The gefilte fish is not made from the traditional lake fish, instead this one uses salmon and halibut. Delicious. If you are one of those people that hate gefilte fish (likely because you have only had the crap out of a jar), this is for you.
Next was chicken soup (made by me) with matzo balls (made by my mother-in-law) and/or kreplach (made by my mother). Kreplach (pronounced like it is spelled but with a gutteral “ch” at the end so it sounds like you are choking when you ask for more) are like wontons, filled with beef and onions and yumminess (yes, that is an ingredient).
Now, for the main courses, served over the course of a few nights…
Cherry Chicken (sweet, delicious, and so good I will be retrieving some from the freezer for next week’s pre-Yom-Kippur-fasting meal).
Sweet and sour meatballs, with extra delicious gravy that goes wonderfully on the mashed potato kugel (“kugel” usually describes a noodle pudding or casserole. Here we are describing mashed potatoes, combined with onions and eggs and baked until sublime).
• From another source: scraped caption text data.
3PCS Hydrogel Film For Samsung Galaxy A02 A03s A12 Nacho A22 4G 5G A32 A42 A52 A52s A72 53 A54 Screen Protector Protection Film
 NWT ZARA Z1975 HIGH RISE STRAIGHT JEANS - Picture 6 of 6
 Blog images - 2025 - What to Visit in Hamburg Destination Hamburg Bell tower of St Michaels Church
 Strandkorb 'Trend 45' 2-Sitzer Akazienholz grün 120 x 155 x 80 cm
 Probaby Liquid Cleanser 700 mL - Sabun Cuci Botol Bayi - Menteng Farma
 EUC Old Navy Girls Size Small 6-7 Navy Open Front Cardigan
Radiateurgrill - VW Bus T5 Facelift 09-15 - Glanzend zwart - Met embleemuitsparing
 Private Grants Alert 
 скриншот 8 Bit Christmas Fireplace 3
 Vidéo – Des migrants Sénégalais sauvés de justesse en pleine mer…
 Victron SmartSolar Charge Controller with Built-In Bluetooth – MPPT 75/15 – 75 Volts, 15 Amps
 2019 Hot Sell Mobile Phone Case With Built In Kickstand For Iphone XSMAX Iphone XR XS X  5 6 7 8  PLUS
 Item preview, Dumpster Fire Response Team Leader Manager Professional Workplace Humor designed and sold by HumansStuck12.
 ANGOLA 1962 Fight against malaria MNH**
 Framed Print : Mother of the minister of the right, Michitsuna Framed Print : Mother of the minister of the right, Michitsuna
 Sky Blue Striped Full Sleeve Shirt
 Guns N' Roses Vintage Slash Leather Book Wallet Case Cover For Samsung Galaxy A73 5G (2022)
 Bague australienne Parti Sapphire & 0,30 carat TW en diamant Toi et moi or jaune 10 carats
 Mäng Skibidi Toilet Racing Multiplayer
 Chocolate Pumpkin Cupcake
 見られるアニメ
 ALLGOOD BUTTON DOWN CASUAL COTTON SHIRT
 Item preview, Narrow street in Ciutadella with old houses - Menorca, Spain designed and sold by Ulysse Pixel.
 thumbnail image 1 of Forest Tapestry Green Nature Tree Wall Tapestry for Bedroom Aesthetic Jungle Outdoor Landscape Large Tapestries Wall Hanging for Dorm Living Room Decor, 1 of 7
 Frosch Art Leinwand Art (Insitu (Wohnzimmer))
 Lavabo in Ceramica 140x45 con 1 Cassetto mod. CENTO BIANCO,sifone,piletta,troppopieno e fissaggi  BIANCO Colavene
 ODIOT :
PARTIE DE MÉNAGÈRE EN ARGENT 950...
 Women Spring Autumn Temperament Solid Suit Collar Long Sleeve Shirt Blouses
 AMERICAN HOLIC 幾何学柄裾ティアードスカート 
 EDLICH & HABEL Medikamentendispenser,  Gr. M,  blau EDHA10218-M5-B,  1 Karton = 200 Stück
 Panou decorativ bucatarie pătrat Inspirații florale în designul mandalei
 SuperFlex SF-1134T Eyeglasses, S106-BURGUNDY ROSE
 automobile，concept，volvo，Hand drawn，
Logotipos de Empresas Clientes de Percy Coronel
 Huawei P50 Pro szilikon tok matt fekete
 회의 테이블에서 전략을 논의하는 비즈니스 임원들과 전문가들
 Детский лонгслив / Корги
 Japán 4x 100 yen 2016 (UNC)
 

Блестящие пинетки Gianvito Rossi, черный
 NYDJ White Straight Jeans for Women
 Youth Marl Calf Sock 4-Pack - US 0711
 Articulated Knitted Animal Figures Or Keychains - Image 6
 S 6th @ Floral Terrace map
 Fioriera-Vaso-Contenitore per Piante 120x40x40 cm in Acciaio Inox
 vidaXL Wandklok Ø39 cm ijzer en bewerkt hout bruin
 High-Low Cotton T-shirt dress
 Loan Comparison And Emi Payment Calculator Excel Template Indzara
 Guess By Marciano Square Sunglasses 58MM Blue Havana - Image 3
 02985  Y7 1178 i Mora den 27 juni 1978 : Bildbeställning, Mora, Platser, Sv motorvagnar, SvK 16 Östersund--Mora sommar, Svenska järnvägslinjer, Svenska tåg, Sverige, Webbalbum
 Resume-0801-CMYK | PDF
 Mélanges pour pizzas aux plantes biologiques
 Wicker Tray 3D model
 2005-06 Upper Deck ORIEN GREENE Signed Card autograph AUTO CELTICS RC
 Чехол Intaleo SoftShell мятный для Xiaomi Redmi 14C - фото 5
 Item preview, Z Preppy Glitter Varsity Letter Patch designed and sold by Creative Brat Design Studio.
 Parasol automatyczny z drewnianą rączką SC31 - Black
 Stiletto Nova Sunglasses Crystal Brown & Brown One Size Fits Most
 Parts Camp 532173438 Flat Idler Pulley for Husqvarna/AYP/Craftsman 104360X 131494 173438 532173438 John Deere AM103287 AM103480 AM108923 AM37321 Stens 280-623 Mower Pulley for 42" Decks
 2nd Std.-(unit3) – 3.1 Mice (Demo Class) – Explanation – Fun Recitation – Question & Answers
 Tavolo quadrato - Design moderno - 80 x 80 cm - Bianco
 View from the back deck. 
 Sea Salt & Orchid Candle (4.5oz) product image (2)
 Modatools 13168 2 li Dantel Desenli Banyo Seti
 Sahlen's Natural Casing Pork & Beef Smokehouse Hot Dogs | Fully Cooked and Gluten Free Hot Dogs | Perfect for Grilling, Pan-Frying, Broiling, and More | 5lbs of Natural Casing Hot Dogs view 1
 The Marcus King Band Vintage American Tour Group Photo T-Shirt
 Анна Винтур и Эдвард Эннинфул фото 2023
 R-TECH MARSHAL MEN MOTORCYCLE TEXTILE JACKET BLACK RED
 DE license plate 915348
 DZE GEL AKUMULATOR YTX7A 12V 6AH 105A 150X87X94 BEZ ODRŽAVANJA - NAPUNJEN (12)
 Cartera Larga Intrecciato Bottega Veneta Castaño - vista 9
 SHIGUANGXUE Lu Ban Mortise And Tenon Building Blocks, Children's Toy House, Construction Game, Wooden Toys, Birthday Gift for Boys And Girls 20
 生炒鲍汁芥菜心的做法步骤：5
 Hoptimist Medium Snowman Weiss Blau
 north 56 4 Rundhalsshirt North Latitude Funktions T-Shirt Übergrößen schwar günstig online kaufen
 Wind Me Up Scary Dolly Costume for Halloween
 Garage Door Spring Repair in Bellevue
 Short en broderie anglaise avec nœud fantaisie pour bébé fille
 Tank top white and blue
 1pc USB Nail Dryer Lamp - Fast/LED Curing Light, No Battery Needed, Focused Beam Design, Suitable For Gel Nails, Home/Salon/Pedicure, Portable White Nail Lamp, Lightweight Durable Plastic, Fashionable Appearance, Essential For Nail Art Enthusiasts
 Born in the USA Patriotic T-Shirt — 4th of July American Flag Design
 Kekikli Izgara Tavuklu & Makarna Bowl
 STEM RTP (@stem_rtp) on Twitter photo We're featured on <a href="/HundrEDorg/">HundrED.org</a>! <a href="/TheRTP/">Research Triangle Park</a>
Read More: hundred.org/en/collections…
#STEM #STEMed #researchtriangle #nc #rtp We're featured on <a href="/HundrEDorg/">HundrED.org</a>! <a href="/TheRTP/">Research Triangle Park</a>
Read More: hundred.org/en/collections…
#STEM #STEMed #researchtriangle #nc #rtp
Brisket. I was possibly most concerned about screwing this up (not in small part due to the fact that the giant 8.5 lb hunk of meat was pretty darn pricey), and it was super easy and tasty.
Braised lamb shanks. I make these in the crock pot and it takes about 5 minutes to prep them, so it has, by far, the best easy-to-make-to-delicious-to-eat ratio.
Salad – we must have something healthy, so I decided on the chickpea, cucumber and tomato salad. We needed something green and crunchy, and this tasted good, too.
Jerusalem noodle kugel (a more traditional “kugel”) – noodles made with salt, pepper and sugar and baked until creamy and delicious.
Just when you want to burst, we had desserts… cupcakes, flourless chocolate cake and a zillion things made by my mother-in-law: brownies, apple cake, banana cake, mandelbrot, and schnecken. What is a schnecken you may ask? Schnecken are little, sweet, rolled cookie-like things. They are often confused with rugalach (which are made with a cream cheese dough). Try them, you might like them (and then you may find yourself quoting The Birdcage… “when the schnecken beckon…“, or is that just me?)